On Fri, Dec 23, 2005 at 10:43:23AM +0100, TSa wrote:
> HaloO,
> Nicholas Clark wrote:
> >Well, I assume that the do-nothing sub is assigned into the variable, and
> >gets re-evaluated each time the variable is use. Which would mean that 
> >you'd
> >get a new (different) empty hash each time. Whereas an empty hash 
> >constructor
> >gives you a hash reference to keep. (not just for Christmas)
> Hmm, I think the type of value stored in $foo after
>    my $foo = {};
> is Code ^ Hash which is viable for &postfix:{'<','>'} which when
> assigned to drops the Code from the type.
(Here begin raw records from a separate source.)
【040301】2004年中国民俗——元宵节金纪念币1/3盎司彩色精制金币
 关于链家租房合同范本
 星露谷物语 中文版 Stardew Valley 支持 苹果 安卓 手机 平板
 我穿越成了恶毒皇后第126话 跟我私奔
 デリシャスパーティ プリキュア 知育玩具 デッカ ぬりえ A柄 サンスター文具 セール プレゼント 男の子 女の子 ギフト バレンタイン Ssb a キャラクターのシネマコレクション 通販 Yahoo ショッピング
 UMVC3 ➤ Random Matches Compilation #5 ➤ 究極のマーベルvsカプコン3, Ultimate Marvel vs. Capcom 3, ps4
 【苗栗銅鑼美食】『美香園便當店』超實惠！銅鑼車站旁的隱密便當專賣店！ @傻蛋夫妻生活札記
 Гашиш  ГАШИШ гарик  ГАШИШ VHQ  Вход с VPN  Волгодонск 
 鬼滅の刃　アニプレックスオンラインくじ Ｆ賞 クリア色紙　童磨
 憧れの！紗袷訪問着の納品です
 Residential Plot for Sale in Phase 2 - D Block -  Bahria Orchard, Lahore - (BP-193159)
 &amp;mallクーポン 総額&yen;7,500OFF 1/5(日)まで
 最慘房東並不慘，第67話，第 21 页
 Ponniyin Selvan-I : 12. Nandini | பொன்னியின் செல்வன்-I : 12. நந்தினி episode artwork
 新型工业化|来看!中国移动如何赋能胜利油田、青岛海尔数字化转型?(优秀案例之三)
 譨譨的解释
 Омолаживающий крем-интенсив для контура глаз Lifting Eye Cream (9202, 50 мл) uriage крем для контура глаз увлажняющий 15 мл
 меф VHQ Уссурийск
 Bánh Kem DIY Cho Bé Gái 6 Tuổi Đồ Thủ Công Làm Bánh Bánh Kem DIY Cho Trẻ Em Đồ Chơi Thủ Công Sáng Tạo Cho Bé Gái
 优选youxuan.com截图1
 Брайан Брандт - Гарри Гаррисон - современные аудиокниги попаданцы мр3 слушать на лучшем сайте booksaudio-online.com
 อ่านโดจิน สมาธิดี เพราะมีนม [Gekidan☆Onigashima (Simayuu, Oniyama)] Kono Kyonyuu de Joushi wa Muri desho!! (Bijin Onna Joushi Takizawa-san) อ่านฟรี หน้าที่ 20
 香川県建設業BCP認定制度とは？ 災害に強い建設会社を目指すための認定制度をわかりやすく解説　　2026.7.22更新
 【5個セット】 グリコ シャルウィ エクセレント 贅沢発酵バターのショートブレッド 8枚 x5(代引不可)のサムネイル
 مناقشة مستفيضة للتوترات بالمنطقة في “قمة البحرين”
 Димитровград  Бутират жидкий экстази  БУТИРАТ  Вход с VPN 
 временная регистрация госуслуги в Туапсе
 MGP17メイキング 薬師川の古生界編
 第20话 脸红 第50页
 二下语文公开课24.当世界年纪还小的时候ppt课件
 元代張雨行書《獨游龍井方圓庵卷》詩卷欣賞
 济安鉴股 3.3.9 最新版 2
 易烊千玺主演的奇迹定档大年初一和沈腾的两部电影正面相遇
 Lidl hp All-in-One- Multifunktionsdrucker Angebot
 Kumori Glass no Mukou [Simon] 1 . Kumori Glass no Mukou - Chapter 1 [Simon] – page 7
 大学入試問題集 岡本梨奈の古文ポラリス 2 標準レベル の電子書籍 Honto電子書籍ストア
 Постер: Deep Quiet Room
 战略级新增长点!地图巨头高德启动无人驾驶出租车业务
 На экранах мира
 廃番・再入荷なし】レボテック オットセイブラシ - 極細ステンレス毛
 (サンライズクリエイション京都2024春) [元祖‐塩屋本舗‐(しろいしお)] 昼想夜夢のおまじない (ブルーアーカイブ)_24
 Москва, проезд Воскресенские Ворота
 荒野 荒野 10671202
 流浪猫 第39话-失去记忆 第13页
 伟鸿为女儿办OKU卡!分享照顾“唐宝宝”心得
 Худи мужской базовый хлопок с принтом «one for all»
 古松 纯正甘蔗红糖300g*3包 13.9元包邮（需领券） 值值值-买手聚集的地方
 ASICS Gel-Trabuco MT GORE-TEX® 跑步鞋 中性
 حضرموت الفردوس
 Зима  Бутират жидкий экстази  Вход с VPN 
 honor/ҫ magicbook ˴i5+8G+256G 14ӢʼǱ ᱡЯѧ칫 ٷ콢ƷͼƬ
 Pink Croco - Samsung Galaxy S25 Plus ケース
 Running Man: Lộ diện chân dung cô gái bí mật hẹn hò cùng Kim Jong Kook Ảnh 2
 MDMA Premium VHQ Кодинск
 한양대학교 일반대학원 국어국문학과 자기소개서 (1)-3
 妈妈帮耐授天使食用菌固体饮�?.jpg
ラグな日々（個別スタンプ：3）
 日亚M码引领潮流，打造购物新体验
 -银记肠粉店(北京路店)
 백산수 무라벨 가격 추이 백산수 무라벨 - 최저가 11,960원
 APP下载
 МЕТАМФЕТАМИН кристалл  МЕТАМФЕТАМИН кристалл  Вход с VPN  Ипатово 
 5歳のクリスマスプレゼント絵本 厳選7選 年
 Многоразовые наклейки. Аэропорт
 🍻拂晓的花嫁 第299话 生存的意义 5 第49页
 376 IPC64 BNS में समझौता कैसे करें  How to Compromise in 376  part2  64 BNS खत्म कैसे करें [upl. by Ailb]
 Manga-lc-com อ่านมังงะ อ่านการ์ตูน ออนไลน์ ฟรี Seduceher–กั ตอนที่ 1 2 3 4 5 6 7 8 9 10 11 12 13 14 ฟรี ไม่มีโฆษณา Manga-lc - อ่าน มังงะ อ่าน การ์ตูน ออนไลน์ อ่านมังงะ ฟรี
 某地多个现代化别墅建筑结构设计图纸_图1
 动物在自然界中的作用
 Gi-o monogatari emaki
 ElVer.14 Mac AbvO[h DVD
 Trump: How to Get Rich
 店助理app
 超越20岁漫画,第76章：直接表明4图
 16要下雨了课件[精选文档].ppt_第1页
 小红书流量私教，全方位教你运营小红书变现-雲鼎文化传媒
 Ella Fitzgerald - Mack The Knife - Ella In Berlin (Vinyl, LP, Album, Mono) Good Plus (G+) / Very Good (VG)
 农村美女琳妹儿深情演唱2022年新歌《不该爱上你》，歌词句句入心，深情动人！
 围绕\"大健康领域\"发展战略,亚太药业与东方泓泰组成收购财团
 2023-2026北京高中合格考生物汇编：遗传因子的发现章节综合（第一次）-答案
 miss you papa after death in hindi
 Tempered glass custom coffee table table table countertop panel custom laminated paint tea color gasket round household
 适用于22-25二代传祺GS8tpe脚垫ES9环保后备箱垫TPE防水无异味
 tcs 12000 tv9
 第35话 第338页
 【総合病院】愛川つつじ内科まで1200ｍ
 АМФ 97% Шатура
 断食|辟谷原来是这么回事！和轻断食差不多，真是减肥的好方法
And I further think that
> a plain {} empty code literal doesn't have the is rw property set
> and thus something like
>   $foo()<blahh> = 23;
> is not allowed. The above shall mean that the code in $foo is evaluated,
> delivers a fresh, empty hash which gets the kv blahh => 23 and then is
> lost.

Oooh. Interesting if that all can work.

> >It's like the autovivification bug:
> >
> >sub stuff {
> >  my $h = shift;
> >  $h->{k}++;
> >}
> Do you consider that a Perl5 bug or a program bug? I find it

I should have been clear - program bug, given that the behaviour of the Perl
language is well documented. Just one that I've been got by a few times.
Things that "usually work" until you happen to have data that never caused a
variable to become autovivified to a reference before the "reference" gets

> inconsistent with respect to $h beeing either a const alias
> to $a and thus always a detached copy after the shift or it
> should always install the autovivified hash also into $a. But
> the mixed mode of directly accessing the hashref in $a if it
> refers to a hash already is at best surprising. The Perl6
> sub declarations make this much clearer:
>   sub stuff (%h is rw)
>   {
>      %h<k>++;
>   }

Good point. I'd not thought how that would help clear this up.